In the project, we demonstrate the utility of machine learning in two essential CRISM analysis tasks: nonlinear noise removal and mineral classification. We train a hierarchical Bayesian model for estimating distributions of spectral patterns on pixel-scale training data collected from dozens of well-characterized CRISM images.
The following files are included:
CRISM_bland_unratioed.mat: unratioed training spectra for bland pixels.
CRISM_labeled_pixels_ratioed.mat: ratioed training spectra for mineral classes.
CRISM_labeled_pixel_patterns.pdf: visualization of the training segmentation maps and average spectra.
The training spectra are in Matlab v7.3 (and newer) format. To load them in Python, use the mat73 library, because scipy doesn't support the format.
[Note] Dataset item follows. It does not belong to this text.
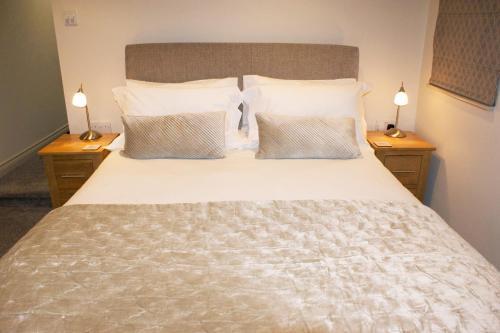 Hostal Lamb Inn Guesthouse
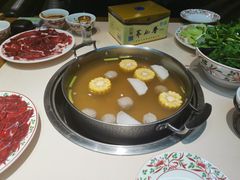 -汕头八合里海记牛肉店(清河店)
The bland unratioed spectra have the following variables:
Name Size Description
pixspec 337 617 × 350 Unratioed spectra
im_names 340 List of CRISM image names, mapping them to numerical IDs
pixims 337 617 Numerical ID of the image the spectrum is from
pixcrds 337 617 × 2 (x,y) coordinates of the points in the original image
The labeled ratioed pixels have the following variables:
Name Size Description
pixspec 592 413 × 350 Ratioed spectra
pixlabs 592 413 Mineral labels
im_names 77 List of CRISM image names, mapping them to numerical IDs
pixims 592 413 Numerical ID of the image the spectrum is from
pixpat 592 413 ID of the connected patch in the image the pixel belongs to
pixcrds 592 413 × 2 (x,y) coordinates of pixels in their respective image
Citation (cite this paper when using the data):
Plebani, E., Ehlmann, B. L., Leask, E. K., Fox, V. K., & Dundar, M. M. (2022). A machine learning toolkit for CRISM image analysis. Icarus, 376, 114849.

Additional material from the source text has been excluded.